# SonyUSB Music Shuffle?



## billym (Jan 3, 2008)

I have a Sony STRDH720. It plays USB Music in sequnce. Is there any way to play music on the USB in random/shuffle sequence?


----------



## Yoda-DBSguy (Nov 4, 2006)

Page 44 of your owners manual. This should be for an ipod/iphone or usb connected device:

*To select the playback mode *

You can change the playback mode using the TOOLS/OPTIONS on the remote control. • Repeat: Off / One / All • Shuffle: Off / Songs / Albums • Audiobooks: Slower / Normal / Faster


----------



## billym (Jan 3, 2008)

Thank you for your reply. I did read this in the manual, but it does not work for me. TOOLS/OPTIONS only give one option:: REPEAT: with choices for Off. One, All or Folder. There is no option for Shuffle. The USB thumb drive I am using has a number of individual albums of MP3 music in separate folders, as well as some individual MP3 songs.


----------



## WestDC (Feb 9, 2008)

billym said:


> Thank you for your reply. I did read this in the manual, but it does not work for me. TOOLS/OPTIONS only give one option:: REPEAT: with choices for Off. One, All or Folder. There is no option for Shuffle. The USB thumb drive I am using has a number of individual albums of MP3 music in separate folders, as well as some individual MP3 songs.

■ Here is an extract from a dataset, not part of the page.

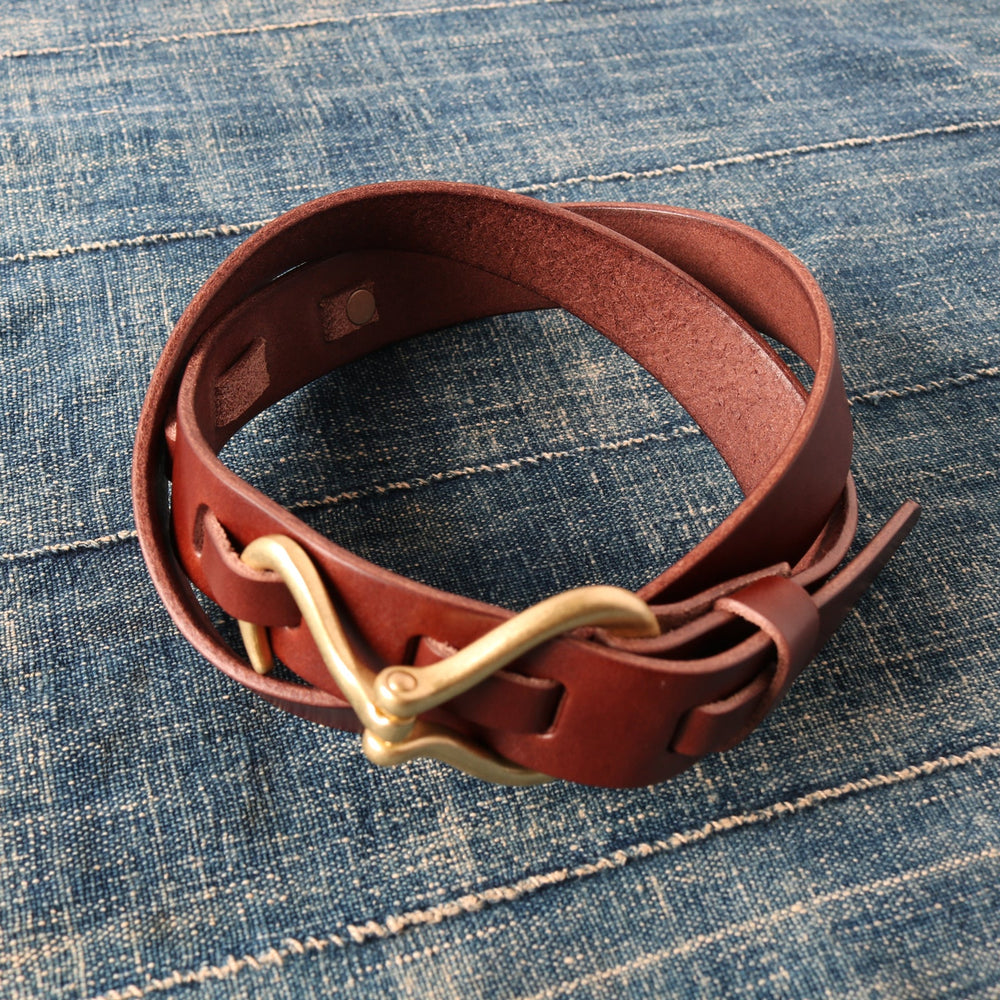 
                  
                    Load image into gallery viewer 【Tochigi leather】Hook Buckle Leather Belt 【Summer Oil Leather】LE-4087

 I suggest you try this on another Usb stick - Do not put songs in a folder -Cherry pick the songs one at a time and if the usb stick put then in one folder

You may be able to play them the way you wish.


----------



## billym (Jan 3, 2008)

Thanks WestDC. I tried that with no different result.. I put about 50 songs individually on the USB stick, and it still would only play them in the sequence loaded on the stick. The only TOOLs/OPTIONS choice is still just REPEAT. No option for shuffle.


----------